这就是我们村,一个青山环绕、泉水涔涔、白云嬉戏的世外桃源般的小山村。

2

童年是美好的,童年的记忆是悠远的,犹如连绵起伏的秦岭山脉一样。   

春天的山野,远远望去如一条绿色的大毡子。树木枝繁叶茂,小草绿的发亮。摘下一片草叶,放在唇边,轻轻一吹,悦耳的声音从嘴里缓缓滑出,换来了伙伴羡慕的眼神。圈了一冬的羊儿上山了,相互追逐的,撒欢跳跃的,闷头吃草的,将欢乐洒在沟沟岔岔、卯卯坎坎。夏日的水透彻清凉,三五成群的孩子,脱的赤条条在水中扎个猛子,溅起一阵阵水花扑到岸上。来个水上漂,徜徉在水中,悠哉悠哉。
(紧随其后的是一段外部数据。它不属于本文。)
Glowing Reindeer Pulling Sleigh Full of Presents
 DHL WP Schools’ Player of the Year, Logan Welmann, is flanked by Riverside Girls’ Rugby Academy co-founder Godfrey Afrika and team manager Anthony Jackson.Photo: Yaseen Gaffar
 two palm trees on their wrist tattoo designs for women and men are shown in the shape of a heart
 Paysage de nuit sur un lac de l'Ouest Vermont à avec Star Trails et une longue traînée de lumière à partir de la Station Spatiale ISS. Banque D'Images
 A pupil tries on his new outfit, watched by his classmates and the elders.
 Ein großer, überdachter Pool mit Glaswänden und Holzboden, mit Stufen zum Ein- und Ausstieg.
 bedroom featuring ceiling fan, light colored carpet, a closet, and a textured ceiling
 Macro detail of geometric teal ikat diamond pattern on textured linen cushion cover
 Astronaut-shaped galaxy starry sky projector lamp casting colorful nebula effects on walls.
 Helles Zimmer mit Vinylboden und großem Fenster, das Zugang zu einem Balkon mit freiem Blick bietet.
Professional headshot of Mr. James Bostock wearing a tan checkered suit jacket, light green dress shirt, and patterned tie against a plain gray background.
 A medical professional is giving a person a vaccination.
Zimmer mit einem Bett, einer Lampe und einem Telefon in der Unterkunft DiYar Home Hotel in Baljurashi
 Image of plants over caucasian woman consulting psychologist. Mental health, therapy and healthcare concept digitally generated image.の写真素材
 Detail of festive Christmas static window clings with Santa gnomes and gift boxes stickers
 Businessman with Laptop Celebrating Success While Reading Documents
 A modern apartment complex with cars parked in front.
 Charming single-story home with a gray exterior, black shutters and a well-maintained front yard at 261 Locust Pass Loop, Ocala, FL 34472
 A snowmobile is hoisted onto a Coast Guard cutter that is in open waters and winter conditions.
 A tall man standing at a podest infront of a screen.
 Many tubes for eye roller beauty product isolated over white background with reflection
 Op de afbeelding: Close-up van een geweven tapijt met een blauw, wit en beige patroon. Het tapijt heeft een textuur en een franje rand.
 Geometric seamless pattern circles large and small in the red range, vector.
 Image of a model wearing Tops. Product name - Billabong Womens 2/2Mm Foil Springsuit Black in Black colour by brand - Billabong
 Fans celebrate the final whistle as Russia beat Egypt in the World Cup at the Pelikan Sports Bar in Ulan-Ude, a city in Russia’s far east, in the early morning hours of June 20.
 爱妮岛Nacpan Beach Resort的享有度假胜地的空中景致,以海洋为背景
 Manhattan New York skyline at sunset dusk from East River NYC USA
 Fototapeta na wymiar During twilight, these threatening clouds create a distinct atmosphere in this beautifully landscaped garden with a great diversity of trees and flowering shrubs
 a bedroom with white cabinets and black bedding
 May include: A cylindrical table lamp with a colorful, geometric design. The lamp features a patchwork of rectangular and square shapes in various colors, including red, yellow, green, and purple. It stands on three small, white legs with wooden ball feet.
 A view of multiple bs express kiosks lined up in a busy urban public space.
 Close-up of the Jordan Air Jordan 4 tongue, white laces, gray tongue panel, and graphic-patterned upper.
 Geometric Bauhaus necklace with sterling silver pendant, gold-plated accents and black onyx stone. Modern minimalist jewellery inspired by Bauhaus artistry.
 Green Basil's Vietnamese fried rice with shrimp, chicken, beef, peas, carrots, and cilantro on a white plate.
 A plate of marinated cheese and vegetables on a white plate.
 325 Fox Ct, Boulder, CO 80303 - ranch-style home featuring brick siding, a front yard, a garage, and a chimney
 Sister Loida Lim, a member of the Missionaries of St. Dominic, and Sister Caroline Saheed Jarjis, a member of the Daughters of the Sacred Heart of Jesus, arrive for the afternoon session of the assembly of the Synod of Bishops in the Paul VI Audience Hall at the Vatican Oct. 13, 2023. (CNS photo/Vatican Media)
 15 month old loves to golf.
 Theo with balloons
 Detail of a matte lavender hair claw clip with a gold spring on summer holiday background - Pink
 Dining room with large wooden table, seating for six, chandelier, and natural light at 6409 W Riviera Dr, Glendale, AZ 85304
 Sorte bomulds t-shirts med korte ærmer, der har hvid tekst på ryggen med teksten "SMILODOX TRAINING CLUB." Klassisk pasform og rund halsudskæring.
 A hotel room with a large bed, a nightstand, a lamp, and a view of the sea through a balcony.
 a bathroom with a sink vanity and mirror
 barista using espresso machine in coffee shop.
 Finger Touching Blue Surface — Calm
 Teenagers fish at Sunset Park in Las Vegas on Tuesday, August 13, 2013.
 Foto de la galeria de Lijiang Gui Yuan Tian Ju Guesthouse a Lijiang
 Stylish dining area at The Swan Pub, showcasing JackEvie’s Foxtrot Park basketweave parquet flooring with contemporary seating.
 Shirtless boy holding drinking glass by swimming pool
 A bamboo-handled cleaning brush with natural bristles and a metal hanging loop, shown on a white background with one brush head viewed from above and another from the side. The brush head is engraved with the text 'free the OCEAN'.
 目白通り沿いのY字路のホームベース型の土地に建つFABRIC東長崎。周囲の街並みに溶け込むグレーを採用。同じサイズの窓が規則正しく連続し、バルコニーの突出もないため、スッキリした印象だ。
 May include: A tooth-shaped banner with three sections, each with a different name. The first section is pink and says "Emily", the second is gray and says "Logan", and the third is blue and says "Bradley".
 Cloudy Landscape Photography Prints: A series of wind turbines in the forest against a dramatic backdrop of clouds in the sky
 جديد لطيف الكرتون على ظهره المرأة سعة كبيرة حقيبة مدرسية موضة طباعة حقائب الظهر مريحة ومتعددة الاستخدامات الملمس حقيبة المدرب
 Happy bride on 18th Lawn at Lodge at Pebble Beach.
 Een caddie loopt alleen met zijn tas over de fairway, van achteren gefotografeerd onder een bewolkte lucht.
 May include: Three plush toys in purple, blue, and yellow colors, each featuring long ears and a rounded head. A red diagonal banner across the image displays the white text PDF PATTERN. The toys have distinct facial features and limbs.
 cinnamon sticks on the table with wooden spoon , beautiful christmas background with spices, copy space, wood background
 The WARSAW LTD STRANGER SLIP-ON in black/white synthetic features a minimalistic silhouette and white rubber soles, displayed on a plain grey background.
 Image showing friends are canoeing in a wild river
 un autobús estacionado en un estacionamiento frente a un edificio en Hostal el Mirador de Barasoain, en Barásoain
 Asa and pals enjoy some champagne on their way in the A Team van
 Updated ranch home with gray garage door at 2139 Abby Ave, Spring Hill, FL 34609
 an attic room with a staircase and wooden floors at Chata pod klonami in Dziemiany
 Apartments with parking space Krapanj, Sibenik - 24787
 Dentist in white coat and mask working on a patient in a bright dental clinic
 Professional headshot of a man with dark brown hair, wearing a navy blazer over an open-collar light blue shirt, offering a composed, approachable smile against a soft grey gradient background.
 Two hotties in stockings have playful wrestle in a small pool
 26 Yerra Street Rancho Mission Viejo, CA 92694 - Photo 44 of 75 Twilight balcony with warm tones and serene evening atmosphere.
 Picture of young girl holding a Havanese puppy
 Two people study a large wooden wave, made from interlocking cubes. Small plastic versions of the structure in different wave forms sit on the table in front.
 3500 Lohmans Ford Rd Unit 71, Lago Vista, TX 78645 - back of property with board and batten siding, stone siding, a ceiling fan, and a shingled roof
妈妈害怕宝贝儿子生病,拧着耳朵,把光屁股拉回家,引来大伙一阵哄笑。

山里孩子的玩耍不是上山就是下河,没有像样的玩具,就自创玩具、自找乐子,下河摸鱼是我们最钟情的游戏。蹑手蹑脚蹲在水边,盯着水里游动的鱼儿,摒住呼吸,一条大鱼游过,说时迟那时快,双手一捧,扑了个空。鱼儿尾巴一摆,已钻进了水草中。我们心中窃喜,慢慢将水草拨开,两手并拢向石头下移动,等着鱼儿落网,那只鱼儿机敏,瞬间又消失在另一边水草中,我们悻悻而起,在失望的喜悦中计划再一次围剿。夕阳西下,我将捕获的小鱼用水草穿成一串飞奔回家,母亲将鱼儿清理干净,沾上面粉,放在油锅里煎炸。我围在锅灶边,看着鱼儿渐渐变黄,喉咙里是不断下咽的口水。等到吃在嘴里时,嚼的又慢又仔细,口腔里香味四溢。还有那上树摘柿子、下地拔萝卜、烤玉米棒子等情景,现在光是想想就是满满的快乐。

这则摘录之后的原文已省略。